Fasting, of one kind or another, is all the rage in certain corners these days. I don't have a strong opinion on it, though I confess to regarding it with the same level of skepticism that I tend to view all rising fads. There may be some value to fasting occasionally, but some people get kind of crazy about it.

However, yesterday was Yom Kippur, and I fasted for about 24 hours. I stopped eating after dinner Tuesday night, and did not eat (or drink) again until Wednesday night. The not drinking thing wasn't planned, but it happened, so I rolled with it. The whole experience was kind of interesting. I might have learned some things.

1. Hunger is a Sensation

I heard Phil Stevens say this one of the recent Iron Radio shows, and it kept running through my head throughout the day. It's easy to attach all kinds of weight and emotion to being hungry, but it is just a sensation. That kind of became a mantra for me...I would notice the sensation, acknowledge it, and then go about my day.

2. Staying busy helps.

I made breakfast for the kids. Took the dog out. Went to Synagogue. Played outside with my son. Took a quick trip to throw out an old toilet. Talked to my mother on Facetime. Keeping busy helped me ignore the hunger, and made me focus on other things. Honestly, it kind of helped keep me present.
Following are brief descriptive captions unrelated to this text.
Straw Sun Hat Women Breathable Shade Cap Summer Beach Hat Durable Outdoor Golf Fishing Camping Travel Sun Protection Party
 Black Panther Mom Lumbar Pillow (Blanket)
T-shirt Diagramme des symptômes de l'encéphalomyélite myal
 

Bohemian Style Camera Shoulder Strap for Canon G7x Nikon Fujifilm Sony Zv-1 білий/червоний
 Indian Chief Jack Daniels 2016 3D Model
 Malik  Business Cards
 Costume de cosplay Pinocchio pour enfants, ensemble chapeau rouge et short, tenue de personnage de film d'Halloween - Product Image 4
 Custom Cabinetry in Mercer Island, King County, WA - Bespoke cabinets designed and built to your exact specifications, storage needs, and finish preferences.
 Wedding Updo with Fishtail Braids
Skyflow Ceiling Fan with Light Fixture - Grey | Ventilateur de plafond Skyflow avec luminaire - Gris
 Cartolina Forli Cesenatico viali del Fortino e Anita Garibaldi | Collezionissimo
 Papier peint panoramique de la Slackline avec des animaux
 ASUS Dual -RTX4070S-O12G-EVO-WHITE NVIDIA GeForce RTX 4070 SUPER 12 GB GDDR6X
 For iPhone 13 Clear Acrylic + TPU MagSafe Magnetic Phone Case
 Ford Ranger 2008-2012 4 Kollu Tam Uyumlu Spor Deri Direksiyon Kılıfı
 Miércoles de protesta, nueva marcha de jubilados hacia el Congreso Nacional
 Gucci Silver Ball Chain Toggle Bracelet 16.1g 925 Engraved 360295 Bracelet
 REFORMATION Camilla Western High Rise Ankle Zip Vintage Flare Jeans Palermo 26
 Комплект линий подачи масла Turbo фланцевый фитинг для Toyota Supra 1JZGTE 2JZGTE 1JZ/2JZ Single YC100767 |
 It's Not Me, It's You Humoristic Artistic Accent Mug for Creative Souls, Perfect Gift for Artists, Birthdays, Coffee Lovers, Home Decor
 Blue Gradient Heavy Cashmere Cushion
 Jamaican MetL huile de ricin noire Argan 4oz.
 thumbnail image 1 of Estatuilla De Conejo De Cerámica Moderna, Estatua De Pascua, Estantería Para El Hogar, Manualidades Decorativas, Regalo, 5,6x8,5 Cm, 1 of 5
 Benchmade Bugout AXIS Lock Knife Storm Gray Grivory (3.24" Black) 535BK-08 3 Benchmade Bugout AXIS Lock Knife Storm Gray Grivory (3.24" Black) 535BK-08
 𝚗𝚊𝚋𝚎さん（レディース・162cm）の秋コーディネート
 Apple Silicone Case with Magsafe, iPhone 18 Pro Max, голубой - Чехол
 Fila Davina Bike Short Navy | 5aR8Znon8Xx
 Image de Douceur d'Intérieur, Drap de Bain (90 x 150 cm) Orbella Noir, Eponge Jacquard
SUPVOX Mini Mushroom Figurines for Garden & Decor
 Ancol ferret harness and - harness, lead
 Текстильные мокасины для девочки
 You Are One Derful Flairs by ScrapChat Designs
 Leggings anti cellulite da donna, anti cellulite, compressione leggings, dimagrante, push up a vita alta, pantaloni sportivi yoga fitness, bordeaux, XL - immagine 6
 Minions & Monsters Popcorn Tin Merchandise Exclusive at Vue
3.  Pushing "a little farther" works for me.

This is something I've found a viable strategy for anything that requires endurance. If I can consistently trick myself into thinking that I'll do just a little more before I quit, I finish. If I had set out to fast the whole day, I'm not sure I would have made it, but I kept telling myself "just go a little longer" or "if I really need it, I'll grab a drink in a few minutes", and then I would chug on for another hour or two. It's a complete head game, but it works for me.

The breakfast was nice. I ate, but didn't stuff myself. Not all of it was "healthy" food (the ice cream trifle was damn tasty though), but I actually gorged myself less than in some years where I hadn't fasted as rigorously.

Oddly, my schedule today shook out so that I didn't eat for a big chunk of the day. It worked out fine too.

In one of his books, Dan John recommends spending time being hungry occasionally. I think I may continue to play with it.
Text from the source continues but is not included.